# WORK INSTRUCTIONS:
Only these lines of the data below are wanted: the one with "Converse Sport Casual", the one with "Apple iPhone 16", and any lines between them, each repeated exactly.

[Brief descriptive captions]
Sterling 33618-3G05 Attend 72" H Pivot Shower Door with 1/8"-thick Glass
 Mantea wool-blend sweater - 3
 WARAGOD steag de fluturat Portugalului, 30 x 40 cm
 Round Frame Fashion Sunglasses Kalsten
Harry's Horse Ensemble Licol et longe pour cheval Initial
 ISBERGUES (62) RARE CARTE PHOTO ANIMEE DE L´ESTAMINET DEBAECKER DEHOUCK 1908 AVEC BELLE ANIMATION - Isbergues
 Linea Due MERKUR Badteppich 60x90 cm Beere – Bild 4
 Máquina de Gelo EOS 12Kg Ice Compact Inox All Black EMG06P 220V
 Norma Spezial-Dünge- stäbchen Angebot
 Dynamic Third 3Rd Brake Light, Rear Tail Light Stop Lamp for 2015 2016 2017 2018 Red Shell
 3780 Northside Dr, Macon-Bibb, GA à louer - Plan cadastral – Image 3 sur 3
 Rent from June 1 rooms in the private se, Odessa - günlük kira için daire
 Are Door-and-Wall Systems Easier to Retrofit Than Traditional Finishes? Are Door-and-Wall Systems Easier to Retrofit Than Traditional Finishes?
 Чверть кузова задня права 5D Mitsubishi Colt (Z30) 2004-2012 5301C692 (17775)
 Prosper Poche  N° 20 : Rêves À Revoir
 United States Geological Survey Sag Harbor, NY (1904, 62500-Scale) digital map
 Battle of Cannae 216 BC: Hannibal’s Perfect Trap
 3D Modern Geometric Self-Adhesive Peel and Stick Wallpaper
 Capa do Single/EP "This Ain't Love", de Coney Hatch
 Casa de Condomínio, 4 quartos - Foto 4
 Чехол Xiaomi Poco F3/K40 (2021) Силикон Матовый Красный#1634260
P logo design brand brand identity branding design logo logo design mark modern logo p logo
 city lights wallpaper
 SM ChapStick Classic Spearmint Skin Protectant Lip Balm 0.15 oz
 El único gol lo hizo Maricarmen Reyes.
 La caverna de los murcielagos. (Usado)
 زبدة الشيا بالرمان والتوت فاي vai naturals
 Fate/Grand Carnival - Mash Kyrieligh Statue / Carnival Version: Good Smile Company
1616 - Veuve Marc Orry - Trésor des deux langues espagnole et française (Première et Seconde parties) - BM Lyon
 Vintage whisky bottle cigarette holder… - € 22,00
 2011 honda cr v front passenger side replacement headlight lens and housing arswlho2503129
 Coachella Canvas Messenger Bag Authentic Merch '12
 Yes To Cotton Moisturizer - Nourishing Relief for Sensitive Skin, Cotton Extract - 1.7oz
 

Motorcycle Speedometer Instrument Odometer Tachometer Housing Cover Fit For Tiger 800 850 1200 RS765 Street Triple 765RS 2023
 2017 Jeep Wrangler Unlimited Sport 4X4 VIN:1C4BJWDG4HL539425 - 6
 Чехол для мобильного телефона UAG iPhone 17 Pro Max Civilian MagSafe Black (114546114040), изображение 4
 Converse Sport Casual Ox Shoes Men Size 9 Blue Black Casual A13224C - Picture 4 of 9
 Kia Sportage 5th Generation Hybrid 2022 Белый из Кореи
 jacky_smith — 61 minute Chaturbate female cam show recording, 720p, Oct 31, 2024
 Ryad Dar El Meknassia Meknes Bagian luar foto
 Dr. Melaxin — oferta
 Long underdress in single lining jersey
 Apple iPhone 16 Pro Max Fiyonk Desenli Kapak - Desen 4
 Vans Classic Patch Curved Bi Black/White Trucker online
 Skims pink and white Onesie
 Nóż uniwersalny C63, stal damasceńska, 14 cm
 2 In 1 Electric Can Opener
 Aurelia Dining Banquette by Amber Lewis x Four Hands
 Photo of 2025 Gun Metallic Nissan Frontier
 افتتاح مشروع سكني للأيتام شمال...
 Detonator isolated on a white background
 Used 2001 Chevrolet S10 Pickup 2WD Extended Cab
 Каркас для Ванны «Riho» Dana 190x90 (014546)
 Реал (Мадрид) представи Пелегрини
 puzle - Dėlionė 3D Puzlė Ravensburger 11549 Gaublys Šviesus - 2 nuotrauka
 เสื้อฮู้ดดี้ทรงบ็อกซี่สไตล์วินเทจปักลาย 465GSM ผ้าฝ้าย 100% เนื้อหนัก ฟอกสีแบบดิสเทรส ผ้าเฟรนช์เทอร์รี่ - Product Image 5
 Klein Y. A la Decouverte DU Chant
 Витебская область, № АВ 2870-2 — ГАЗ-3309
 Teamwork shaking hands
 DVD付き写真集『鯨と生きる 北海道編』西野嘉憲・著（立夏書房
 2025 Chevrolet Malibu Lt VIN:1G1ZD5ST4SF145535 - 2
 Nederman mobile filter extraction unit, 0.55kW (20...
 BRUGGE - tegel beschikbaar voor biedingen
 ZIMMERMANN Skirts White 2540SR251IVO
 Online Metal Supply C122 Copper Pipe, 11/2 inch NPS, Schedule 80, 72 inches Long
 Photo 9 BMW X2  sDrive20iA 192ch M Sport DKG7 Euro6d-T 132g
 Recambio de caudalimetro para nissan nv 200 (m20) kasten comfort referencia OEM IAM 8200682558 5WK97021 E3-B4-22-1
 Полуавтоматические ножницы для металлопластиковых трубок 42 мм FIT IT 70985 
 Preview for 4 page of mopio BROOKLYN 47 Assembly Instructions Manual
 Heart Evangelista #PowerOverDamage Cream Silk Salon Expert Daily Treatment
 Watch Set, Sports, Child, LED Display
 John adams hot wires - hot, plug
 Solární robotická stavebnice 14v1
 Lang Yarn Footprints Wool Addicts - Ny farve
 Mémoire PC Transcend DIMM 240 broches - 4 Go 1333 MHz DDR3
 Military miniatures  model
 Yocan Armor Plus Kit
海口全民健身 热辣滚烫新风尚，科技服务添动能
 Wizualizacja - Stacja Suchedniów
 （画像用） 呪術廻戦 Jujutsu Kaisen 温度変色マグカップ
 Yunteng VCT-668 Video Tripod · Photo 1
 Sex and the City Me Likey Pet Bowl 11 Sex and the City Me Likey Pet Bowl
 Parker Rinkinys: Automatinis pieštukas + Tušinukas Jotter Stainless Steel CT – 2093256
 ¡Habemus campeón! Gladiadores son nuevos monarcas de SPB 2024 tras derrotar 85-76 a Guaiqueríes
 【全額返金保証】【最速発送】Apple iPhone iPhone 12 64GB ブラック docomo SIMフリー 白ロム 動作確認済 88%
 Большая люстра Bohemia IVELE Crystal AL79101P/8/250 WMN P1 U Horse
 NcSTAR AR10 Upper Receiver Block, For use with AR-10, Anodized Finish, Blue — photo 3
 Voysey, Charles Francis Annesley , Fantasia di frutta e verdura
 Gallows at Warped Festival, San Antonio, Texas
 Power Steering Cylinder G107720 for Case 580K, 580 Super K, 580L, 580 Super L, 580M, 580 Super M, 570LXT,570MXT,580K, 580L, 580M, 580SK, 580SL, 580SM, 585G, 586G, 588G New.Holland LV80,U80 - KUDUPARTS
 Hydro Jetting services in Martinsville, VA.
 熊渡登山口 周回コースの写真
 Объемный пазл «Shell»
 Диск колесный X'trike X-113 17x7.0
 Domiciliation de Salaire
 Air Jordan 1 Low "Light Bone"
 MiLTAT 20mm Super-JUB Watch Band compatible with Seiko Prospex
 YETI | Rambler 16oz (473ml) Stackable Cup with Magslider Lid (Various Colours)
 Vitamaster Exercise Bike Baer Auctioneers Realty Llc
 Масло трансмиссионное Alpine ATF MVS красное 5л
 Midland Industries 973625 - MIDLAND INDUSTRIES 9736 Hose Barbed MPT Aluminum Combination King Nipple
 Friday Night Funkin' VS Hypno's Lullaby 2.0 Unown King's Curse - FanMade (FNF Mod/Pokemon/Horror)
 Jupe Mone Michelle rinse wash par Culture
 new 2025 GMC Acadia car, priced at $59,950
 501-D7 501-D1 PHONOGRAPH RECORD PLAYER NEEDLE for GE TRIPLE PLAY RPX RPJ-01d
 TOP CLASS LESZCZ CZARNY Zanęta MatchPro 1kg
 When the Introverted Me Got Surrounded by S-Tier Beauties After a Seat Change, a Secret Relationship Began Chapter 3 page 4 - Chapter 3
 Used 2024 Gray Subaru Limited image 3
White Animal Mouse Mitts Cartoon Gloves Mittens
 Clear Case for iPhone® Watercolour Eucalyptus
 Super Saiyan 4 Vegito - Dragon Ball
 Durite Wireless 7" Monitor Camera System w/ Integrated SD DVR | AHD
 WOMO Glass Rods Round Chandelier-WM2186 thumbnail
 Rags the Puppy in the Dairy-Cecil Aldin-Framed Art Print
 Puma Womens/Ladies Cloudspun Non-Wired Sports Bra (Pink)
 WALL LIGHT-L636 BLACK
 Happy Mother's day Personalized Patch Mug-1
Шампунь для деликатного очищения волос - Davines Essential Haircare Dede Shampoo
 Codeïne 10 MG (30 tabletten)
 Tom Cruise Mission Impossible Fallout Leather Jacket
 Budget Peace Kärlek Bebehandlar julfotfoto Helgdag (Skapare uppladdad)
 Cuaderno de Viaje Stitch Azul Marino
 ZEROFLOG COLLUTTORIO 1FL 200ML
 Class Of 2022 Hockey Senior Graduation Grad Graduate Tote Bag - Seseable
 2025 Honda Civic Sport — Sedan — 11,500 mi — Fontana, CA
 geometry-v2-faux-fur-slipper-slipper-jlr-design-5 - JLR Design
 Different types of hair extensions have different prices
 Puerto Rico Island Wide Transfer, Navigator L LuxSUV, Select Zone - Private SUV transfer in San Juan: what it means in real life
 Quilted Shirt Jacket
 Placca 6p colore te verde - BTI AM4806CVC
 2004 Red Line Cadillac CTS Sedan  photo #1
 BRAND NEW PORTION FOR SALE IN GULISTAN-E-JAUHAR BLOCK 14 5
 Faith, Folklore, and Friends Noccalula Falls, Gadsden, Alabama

# ANSWER BOX:
 Converse Sport Casual Ox Shoes Men Size 9 Blue Black Casual A13224C - Picture 4 of 9
 Kia Sportage 5th Generation Hybrid 2022 Белый из Кореи
 jacky_smith — 61 minute Chaturbate female cam show recording, 720p, Oct 31, 2024
 Ryad Dar El Meknassia Meknes Bagian luar foto
 Dr. Melaxin — oferta
 Long underdress in single lining jersey
 Apple iPhone 16 Pro Max Fiyonk Desenli Kapak - Desen 4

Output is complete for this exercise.